That stability was the creation of Juan Vicente Gómez, who ruled from 1908 to 1935. Gómez, every inch the unenlightened despot, governed Venezuela as his fief. Illiterate but shrewd, he centralised power by ruthlessly subduing rivals and putting his personal network of sycophants in their place.
While he was a tyrant to foreign political observers, he was ‘reliable’ according to oilmen. For Gómez, oil was both fortune and foundation of Venezuela. It enriched him personally while underwriting the machinery of rule.
By 1913, Royal Dutch Shell was exploring around Lake Maracaibo. After the First World War, Standard Oil of New Jersey followed. While conditions in the unmapped terrain were appalling – floods and mosquitos being legion - the prize was irresistible.
The breakthrough came in 1922 with the Barroso No. 2 gusher near Cabimas, which blew out spectacularly, spilling tens of thousands of barrels a day and signalling to the world that Venezuela had joined the front rank of oil producers. By the late 1920s, it had become the world’s second-largest exporter.
The struggle for Venezuela marked the emergence of a new order in which oil, capital and state power became inseparable. Gómez’s death in 1935 left behind a country poor in development but rich in hydrocarbons. By the late 1930s, oil accounted for over 90 percent of its exports. Yet, the wealth flowed outward as the state remained a bystander.
Oil Sovereignty
That began to change with a new political generation. Among them was diplomat and politician Juan Pablo Pérez Alfonzo, who would help redefine the relationship between states and oil.
The Second World War sharpened Venezuela’s importance to the United States, creating the necessary space for reform. The result was the Petroleum Law of 1943 which birthed the ‘fifty-fifty’ principle wherein the state would claim half the profits. It was revolutionary. For the first time, a producing country asserted parity with the companies that extracted its resources.
Under Rómulo Betancourt, this principle deepened as Venezuela not only taxed oil but entered the market itself, selling crude directly. However, Pérez Alfonzo, deeply wary of the volatility of oil markets, came to see petroleum as both a blessing and a curse. He called it the “the devil’s excrement.”
Drawing lessons from the dominance of Western majors, he worked with Saudi Arabia’s Abdullah Tariki to found the OPEC in 1960. Venezuela’s role was pivotal as it was a Latin American democracy that helped design a cartel later to become synonymous with Middle Eastern power.

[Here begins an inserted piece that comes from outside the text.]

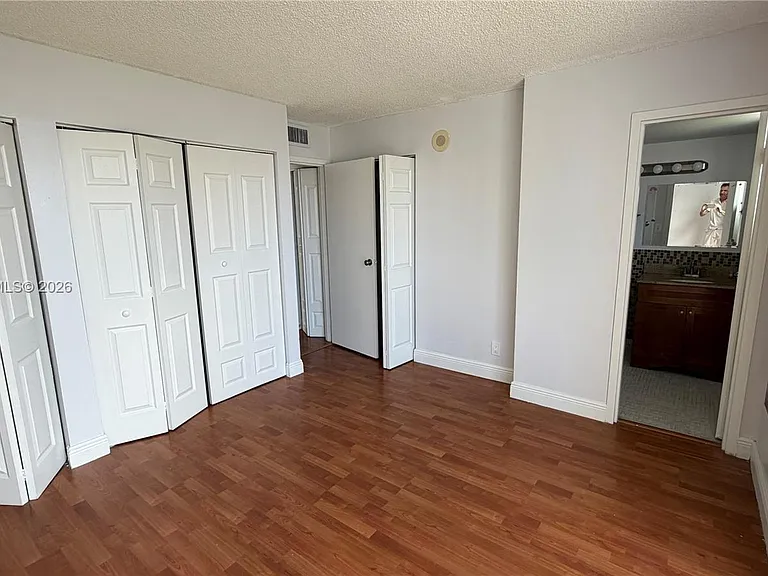 17021 N Bay Rd #914 — Photo 5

If Venezuela pioneered oil sovereignty, it did so cautiously at first. Betancourt understood the risks. Oil already underpinned the economy. Nationalisation, he warned, would be reckless. Instead, the state tightened control without dismantling the system.
However, by the early 1970s, the concessionary model was unravelling. The Law of Reversion of 1971 ensured that oil assets would revert to the state. Investment faltered.
The final step came under Carlos Andrés Pérez. In January 1976, Venezuela formally nationalised its oil industry, creating the PDVSA. It was the high point of petro power. Venezuela’s nationalisation was distinctive for its pragmatism. Unlike more abrupt seizures elsewhere, it preserved human capital. By 1976, roughly 95 percent of the industry’s workforce including senior management was already Venezuelan. PDVSA was structured as a holding company overseeing a network of operating subsidiaries and, for a time, functioned with technocratic discipline and managerial autonomy.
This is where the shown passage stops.